DATA BLOCK START

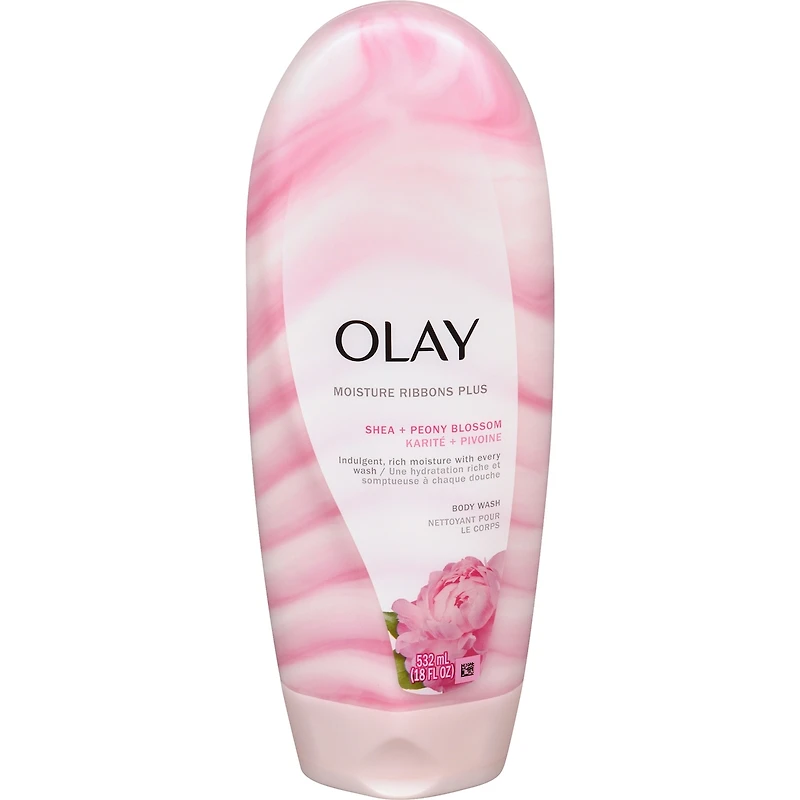 Olay Moisture Ribbons Plus Shea + Peony Blossom Body Wash, 532 mL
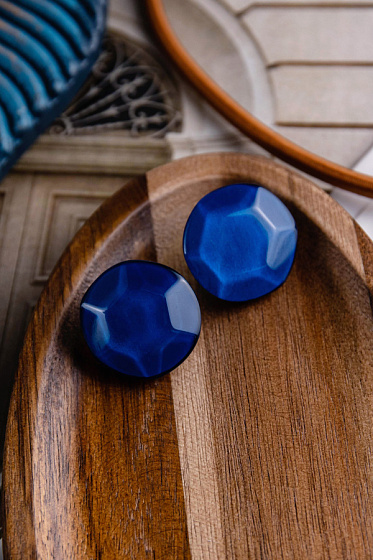 картинка Пусеты Adamas синий 2.3 см Голландия ZSISKA 8430502BLUEQ00 ювелирный  магазин Калина являющийся официальным дистрибьютором в России 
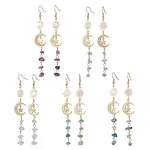 Natural Mixed Stone Moon Dangle Earrings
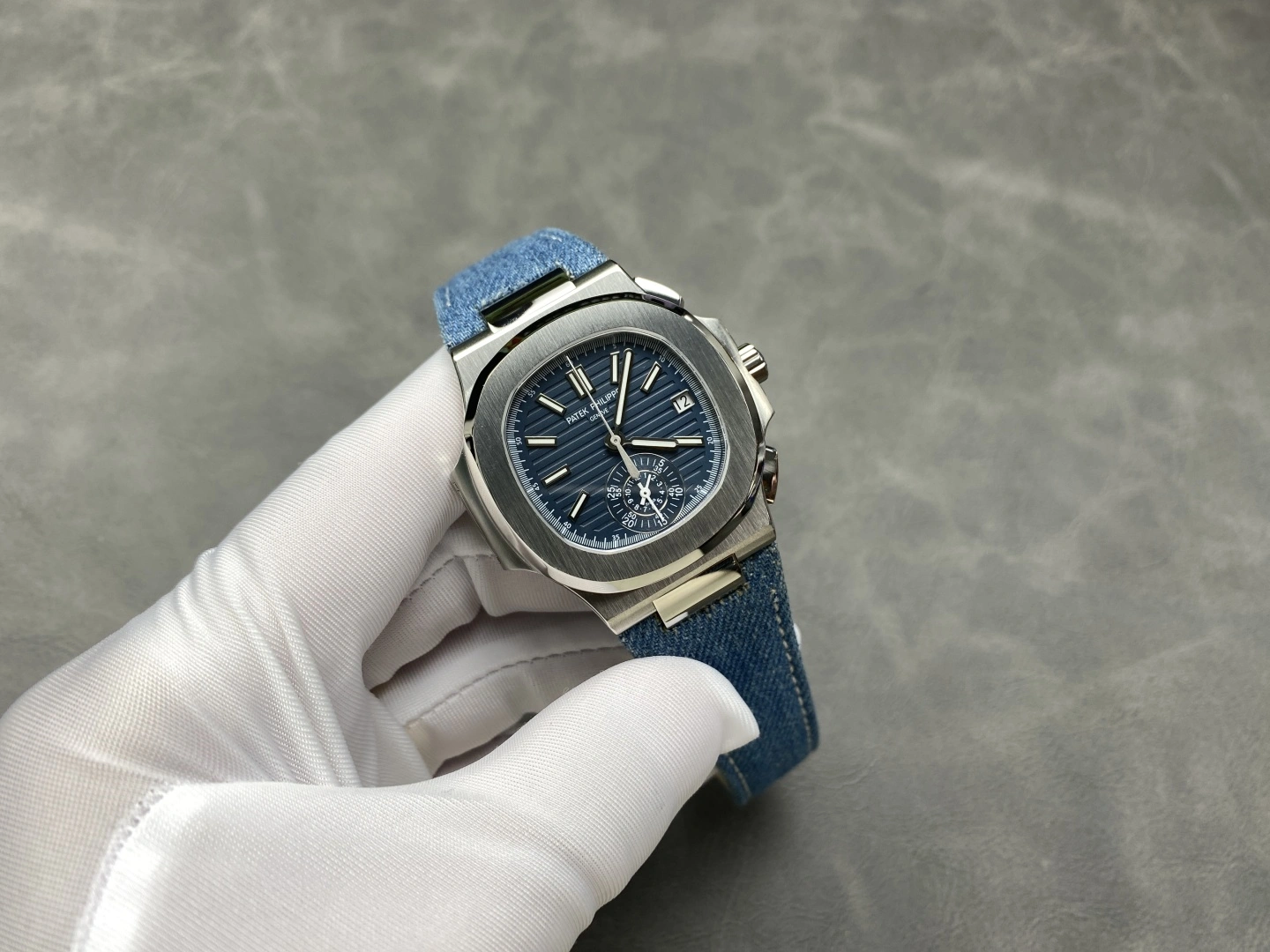 Patek Philippe Nautilus Replica 5980/60G-001 Flyback Chronograph Blue Gray Dial Men's Watch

DATA BLOCK END

Reproduce exactly and only the lines from the line that contains "Natural Mixed Stone Moon Dangle Earrings" to the end of the data above, both ends included. No pictures go in the copy.

RESPONSE FOR THIS EXERCISE
 Natural Mixed Stone Moon Dangle Earrings
 Patek Philippe Nautilus Replica 5980/60G-001 Flyback Chronograph Blue Gray Dial Men's Watch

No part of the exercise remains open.